## Stored data
■ ■ ■

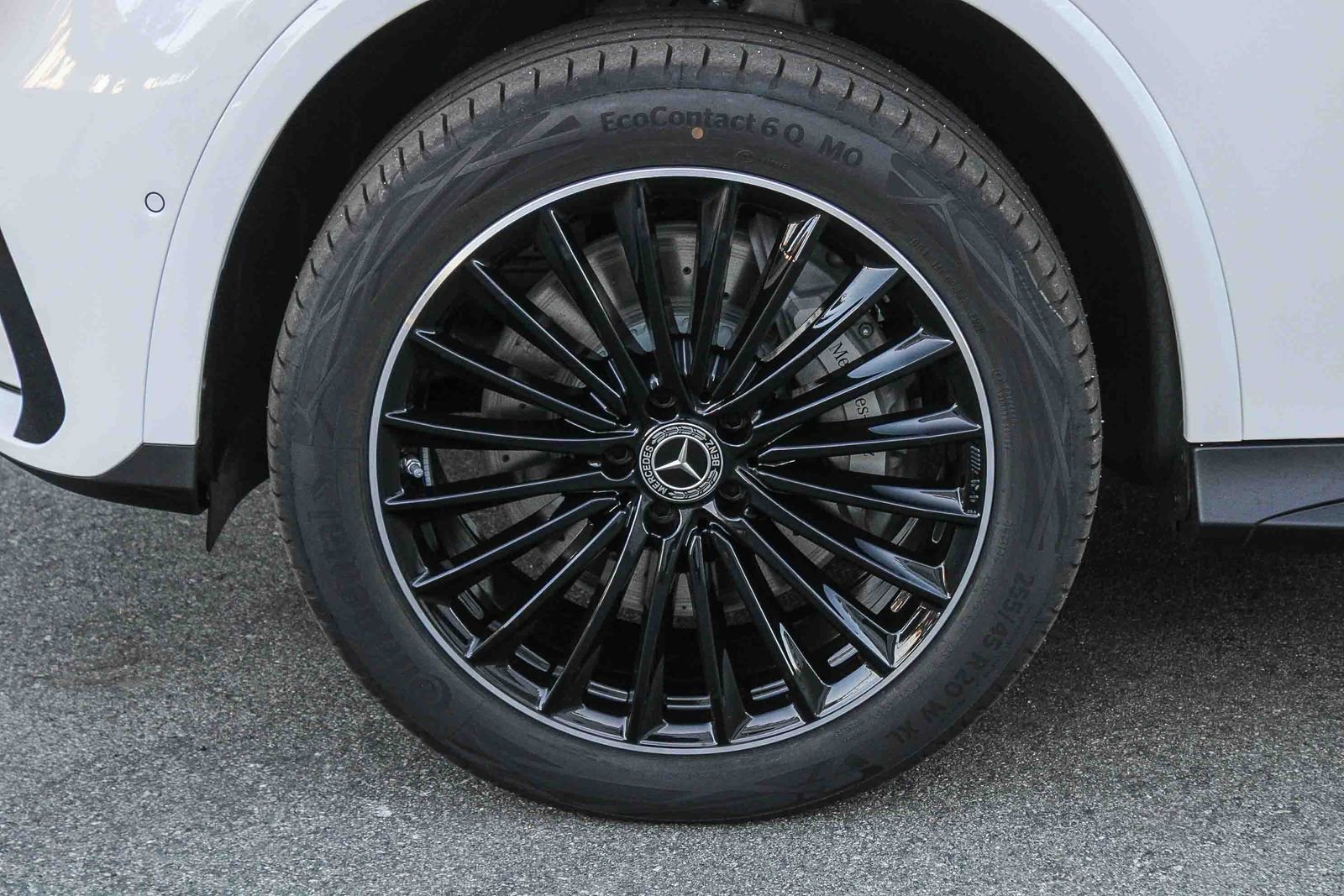 New 2026 Mercedes-Benz GLC 300 4MATIC image 11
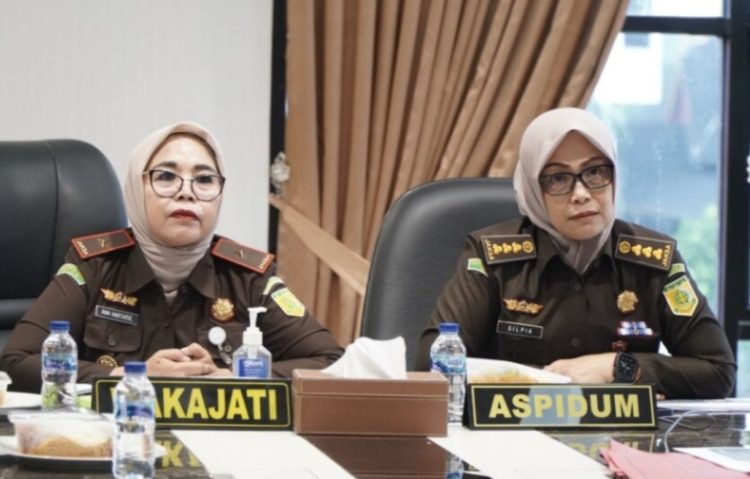 Jaksa Fasilitator Berhasil  Damaikan Dua Perkara Kekerasan Disetujui Untuk Diberhentikan Penuntutanya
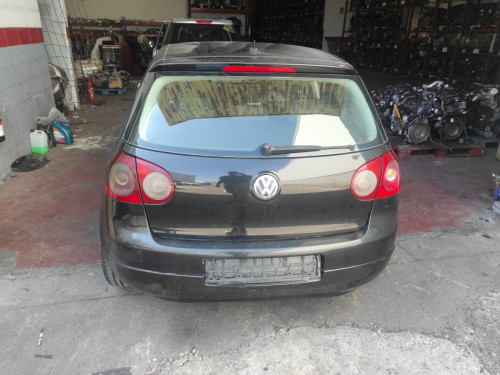 VOLKSWAGEN GOLF V (1K1)(10.2003) — vehículo donante para recambios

■ ■ ■

## Activity
I'd like the material repeated word for word, without the pictures it holds.

## Response to this exercise
 New 2026 Mercedes-Benz GLC 300 4MATIC image 11
 Jaksa Fasilitator Berhasil  Damaikan Dua Perkara Kekerasan Disetujui Untuk Diberhentikan Penuntutanya
 VOLKSWAGEN GOLF V (1K1)(10.2003) — vehículo donante para recambios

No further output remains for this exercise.